Your goal - Repeat the lines below exactly as written, please, from the line with "An overall goal" to the line with "Streaming audio, doors", both lines included, and no others.

Input -
----------
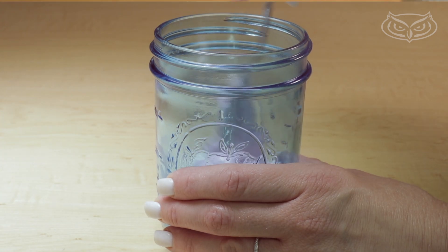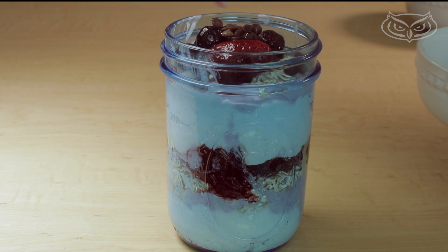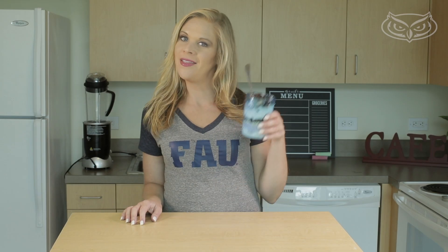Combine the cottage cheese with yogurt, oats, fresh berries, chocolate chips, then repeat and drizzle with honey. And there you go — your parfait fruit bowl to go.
----------
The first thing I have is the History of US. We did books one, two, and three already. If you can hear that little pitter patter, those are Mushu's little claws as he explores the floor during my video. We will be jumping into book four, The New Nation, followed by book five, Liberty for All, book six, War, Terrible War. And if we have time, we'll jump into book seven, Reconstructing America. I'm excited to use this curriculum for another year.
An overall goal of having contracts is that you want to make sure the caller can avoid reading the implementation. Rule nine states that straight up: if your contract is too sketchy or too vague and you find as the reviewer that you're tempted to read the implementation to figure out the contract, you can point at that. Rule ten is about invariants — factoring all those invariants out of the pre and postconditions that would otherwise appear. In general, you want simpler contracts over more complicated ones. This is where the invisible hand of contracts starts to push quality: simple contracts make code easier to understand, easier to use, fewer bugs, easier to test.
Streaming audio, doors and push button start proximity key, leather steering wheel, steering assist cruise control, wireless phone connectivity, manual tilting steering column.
----------
Solved problem -
An overall goal of having contracts is that you want to make sure the caller can avoid reading the implementation. Rule nine states that straight up: if your contract is too sketchy or too vague and you find as the reviewer that you're tempted to read the implementation to figure out the contract, you can point at that. Rule ten is about invariants — factoring all those invariants out of the pre and postconditions that would otherwise appear. In general, you want simpler contracts over more complicated ones. This is where the invisible hand of contracts starts to push quality: simple contracts make code easier to understand, easier to use, fewer bugs, easier to test.
Streaming audio, doors and push button start proximity key, leather steering wheel, steering assist cruise control, wireless phone connectivity, manual tilting steering column.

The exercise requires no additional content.